A regularidade climática, por sua vez, e sua influência nas fases fenológicas dos vegetais, são determinantes para o sucesso das safras na agricultura. O que muitas vezes se ignora é que, direta ou indiretamente, a existência de florestas e de outras formas de vegetação tem influência positiva sobre a viabilidade de quaisquer atividades agrárias produtivas.

De outro lado, a sustentabilidade florestal, expressão que integra a missão institucional da Embrapa Florestas, obviamente pressupõe a existência de florestas e, por esse motivo, implica a sua conservação e o desenvolvimento de tecnologias que possibilitem o seu uso racional. Sustentabilidade não é “um porto de destino”, mas “um caminho a percorrer”: algo, talvez utópico, como pretender chegar ao horizonte, como se fora o paraíso a seduzir o imaginário da humanidade.

Todavia, para que a sustentabilidade de atividades agrárias possa ser efetivamente promovida, existe uma óbvia prevalência da dimensão ambiental, em relação aos pólos econômico e social, simplesmente pelo fato de que, sem meio ambiente, não há vida, assim como qualquer espécie de atividade econômica.

Esse axioma, inerente ao próprio conceito de desenvolvimento sustentável, constitui uma premissa definitiva e irrefutável. Ademais, o poder público dispõe de diversos outros instrumentos para atuar nas dimensões econômica e social, enquanto que interferências no meio ambiente, como sabemos, têm limites impostos pela própria natureza.

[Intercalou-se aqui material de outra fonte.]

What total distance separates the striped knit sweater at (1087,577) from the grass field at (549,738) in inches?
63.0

Para alcançar os seus propósitos, o aprimoramento do quadro normativo vigente sobre a matéria ambiental deve ponderar, também, temas contemporâneos de elevada densidade e relevância como, por exemplo, as mudanças climáticas, os processos de desertificação, a escassez de água e a proteção e o uso da biodiversidade. Nesse sentido, há que se promover o manejo florestal sustentável, o pagamento por serviços ambientais e a necessária expansão da área com florestas plantadas: a implementação de tais providências beneficiará toda a sociedade brasileira, inclusive as futuras gerações.